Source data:

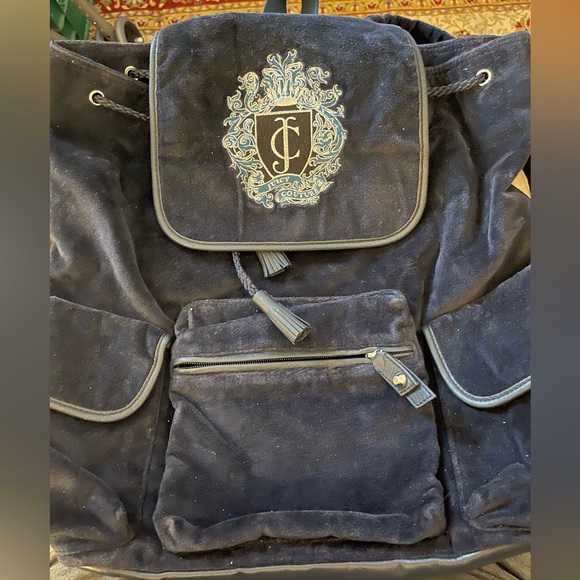 Juicy couture blue velour backpack - Picture 1 of 6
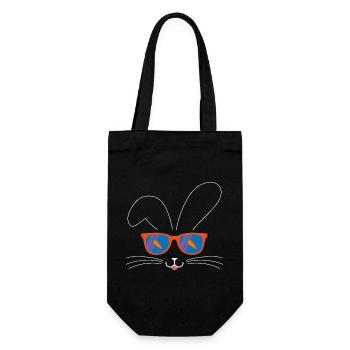 Osterhase lustig mit Sonnenbrille funny Bunny - Geschenkbeutel für Flaschen - Schwarz - Vorne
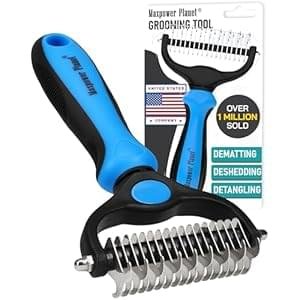 Maxpower Planet Original Pet Grooming Rake – Double-Sided Deshedding Dematting Tool, Undercoat Rake for Dogs & Cats, Extra-Wide Dog Grooming Brush & Deshedder Comb for Long Hair, Reduces Shedding 95%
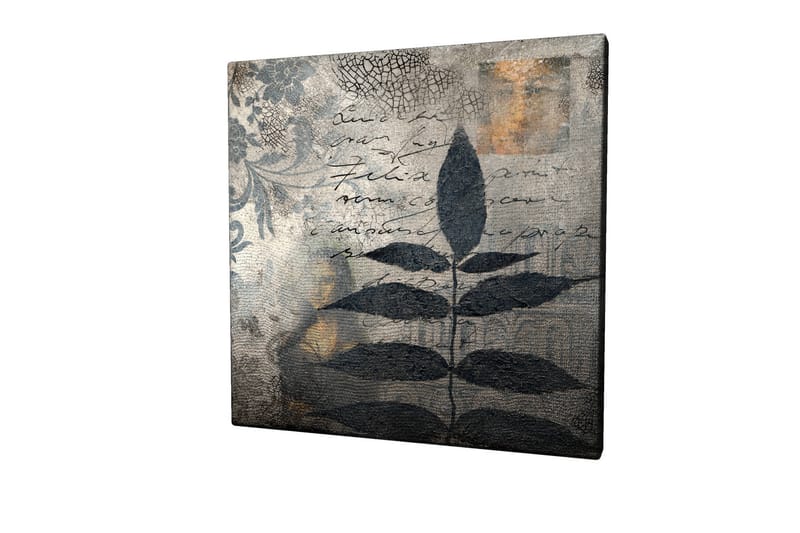 Canvas-taulu 45x45 cm - Mustaa lehvistöä abstraktia taustaa vasten - Musta / Harmaa / Beige - Sisustustuotteet - Taulu & taide - Canvas-taulu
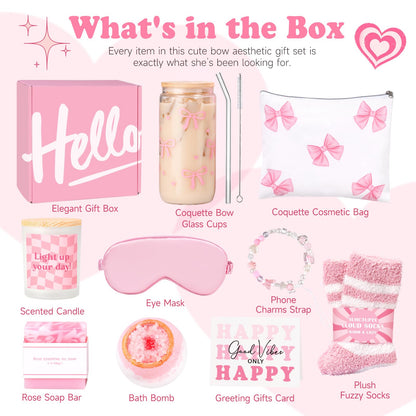 Gift Baskets for Women, 9pcs Birthday Gifts for Teenage Girls, Best Christmas Ideas Box w/Coquette Bow Aesthetic Cup Trendy Stuff for Her Teen Girl Sister Friend Friendship Sweet 16th 18th 21st Bday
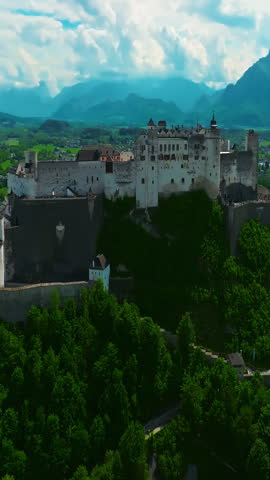 Aerial view of Austrian city of Salzburg is the birthplace of the famous composer Mozart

Description of the task: Transcribe each record above exactly, leaving every picture out of the copy.

Solution:
 Juicy couture blue velour backpack - Picture 1 of 6
 Osterhase lustig mit Sonnenbrille funny Bunny - Geschenkbeutel für Flaschen - Schwarz - Vorne
 Maxpower Planet Original Pet Grooming Rake – Double-Sided Deshedding Dematting Tool, Undercoat Rake for Dogs & Cats, Extra-Wide Dog Grooming Brush & Deshedder Comb for Long Hair, Reduces Shedding 95%
 Canvas-taulu 45x45 cm - Mustaa lehvistöä abstraktia taustaa vasten - Musta / Harmaa / Beige - Sisustustuotteet - Taulu & taide - Canvas-taulu
 Gift Baskets for Women, 9pcs Birthday Gifts for Teenage Girls, Best Christmas Ideas Box w/Coquette Bow Aesthetic Cup Trendy Stuff for Her Teen Girl Sister Friend Friendship Sweet 16th 18th 21st Bday
 Aerial view of Austrian city of Salzburg is the birthplace of the famous composer Mozart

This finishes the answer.